Muitas das minhas lembranças infantis são musicais. Em especial, lembro dos passeios que eu e meus pais fazíamos aos finais de semana, quando saíamos de carro da Humaitá para ir almoçar em algum lugar ou visitar algum parente, e meu pai colocava, na rádio do carro, álbuns do Segovia e ia acompanhando as músicas com batidas ritmadas no volante. Ficava olhando como as mãos dele acompanhavam perfeitamente o ritmo do violão, e não conseguia entender como uma corda e uma batida podiam ter o mesmo ritmo. Recordo-me, também, que quando o seu humor era excepcionalmente bom, a voz aveludada da Sade era a responsável pela trilha sonora dos passeios. Talvez tenha sido pela percepção dessa escolha a forma pela qual entendi que existe variação para o humor humano.
Depois de certo tempo, a vida acabou por nos levar à Barra, e na Barra – certamente
pensou meu pai, como pode você pensar também – não haveria Chico Buarque. Mas
foi na Barra que o Chico saiu do seu esconderijo e me deu alô.
Era uma aula de literatura, no 9º ano do Ensino Fundamental do Colégio Santo Agostinho, onde estudei. O professor, quem eu reputava cultíssimo, tinha a insensível mania de cantar enquanto a turma fazia alguns exercícios que ele passava. Prejudicava a concentração, mas, na maioria das vezes, eu conseguia abstrair. Num desses dias, entretanto, a letra que ele cantava me chamou atenção: era “Acorda Amor”, do Chico. Eu gostei, especialmente, dos versos nos quais o eu lírico dizia que, se seu sumiço durasse muito, sua mulher poderia “pôr a roupa de domingo” e lhe esquecer.
Achei engraçado isso de roupa de domingo e, mesmo sem entender muito bem o que significava, guardei. Levei aqueles versos para casa e eu fui ao computador para ver o que mais poderia descobrir do tal Chico Buarque. Coloquei os versos no google, encontrei a canção, a ouvi no youtube e fui descobrindo mais obras, aos poucos. A curiosidade é realmente um recurso.
Depois do mundo cibernético, decidi pesquisar no acervo musical aqui de casa. Na sala, meu pai guarda vastíssima coleção de CDs e vinis. Apesar
de nunca ter ouvido nada do Chico sair de lá, resolvi procurar. Numa busca
despretensiosa, acabei encontrando o CD da minha mãe, “Chico Buarque da
Mangueira”. Abri, peguei o disco e coloquei para tocar na caixa Philips que temos.
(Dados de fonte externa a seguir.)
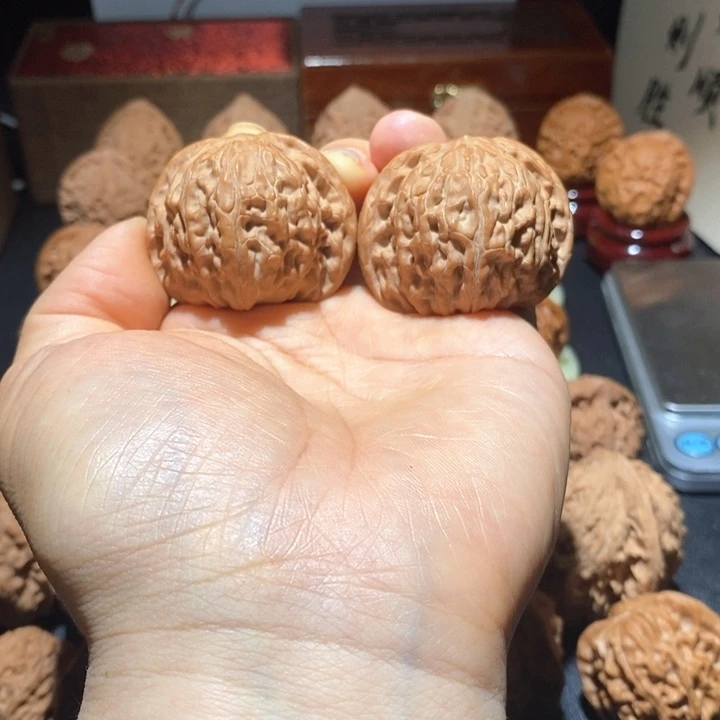 明***文玩核桃吊坠磨盘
A primeira música era “Chão de Esmeraldas”, e ali fui introduzido ao samba
lírico buarqueano. Continuei ouvindo, e quando cheguei à “Divina Dama”
tive certeza de ter encontrado um negócio, ali, que jamais iria se
distanciar de mim. 
Seria o início de uma jornada que me forjaria
intelectualmente e moldaria por completo meu senso estético: na música, Chico;
na poesia, Chico; na literatura, Chico.
Hoje em dia estou em fase das menos Chicófilas que já tive: escuto João Gilberto sem parar e, quando preciso renovar, migro para o Tom Jobim – o que é, basicamente, ficar de saco cheio da praia do Leblon e ir mergulhar em Ipanema. Mas não importa quem eu esteja ouvindo. No fundo, estou escutando a voz do Chico, pois foi ela que me fez compreender as outras.
Chico Buarque e eu, eu e Chico Buarque, conforme fora predestinado pela minha mãe, no momento em que ela decidiu ir à Sapucaí desfilar pela Mangueira, em 1998.
Refuto o acaso, agradeço ao destino.
[1]
Diz minha mãe que meu pai estava com uma calça de linho e uma camisa florida
que fugiam à moda. Ele, em sua própria defesa, diz que o senso estético da
minha mãe é insensível a certas belezas.